Your goal is to download a data file. But not just any data file; we need one that your statistical software will understand. To do this, you will want to look for
some sort of option to “Export” or “Download” a file. In some cases, these words might not be used and you are expected to simply click on a link.
There are three things you need to pay attention to: the format, the structure, and the existence of metadata.
Format refers to the types of files provided and the software that can open them. For example, files that end in
“.txt” or “.csv” are text files and can usually be open by many types ofsoftware. StatCrunch wants files that end in .xlsx, .xls (Excel spreadsheets), .ods
(OpenOfficespreadsheet), or .csv, .txt, or .tsc (text files).
Data files often use a delimiter to determine where one entry ends and another begins. For example, if a data file contains the text string “1345” you do not
know whether it is the number one thousand three hundred forty-five or the four digits 1, 3, 4, 5 or the two numbers 13 and 45 or anything else. A delimiter
tells you when one value ends and the next begins. A comma-delimited file, which usually ends in the extension .csv, uses commas to display “1, 34, 5” for the
values one, thirty-four, and five. A tab-delimited file (.tsv or .txt) uses tabs as shown.
1 34 5
Metadata is documentation that helps you understand the data. Sometimes it is called a “codebook” or “data dictionary.” It should answer the who, what,
when, where, why, and how of the data. But most important, it should tell you what the variable names mean and what the values mean. With any luck, it will
also tell you the data type (for example, whether it is a number or a character).
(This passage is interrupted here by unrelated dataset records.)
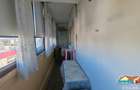 Apartament cu 2 camere decomandat Micro 18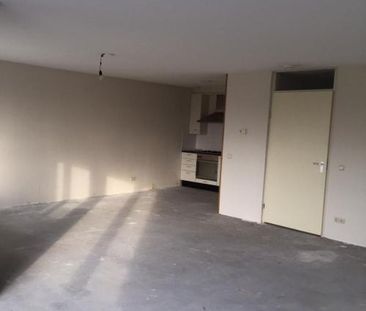 Segbroeklaan 2565 DL 's-Gravenhage - Photo 5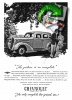 Chevrolet 1936 1.jpg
Warning: you might have to look at a great many data files before you find one that is useful.
How to Submit
Put your answers to the following questions and upload the document here.
What is the URL of the page from which you downloaded your data?
How many variables are there? How many observations?
Do you have 2 categorical and 2 quantitative variables in your data set? If so, please choose two each and list them.
What does a row in the data set represent? In other words, what is an observation or case in context?
Why were these data collected? What is their purpose? How were they collected? Why were you interested in this data set? Give some examples of what you
want to know from these data.
Try to upload the data to StatCrunch. Describe what happens. Did you get what you expected? Did you get an error? Describe the outcome. If you succeed in
uploading the data set, please share in our class StatCrunch group.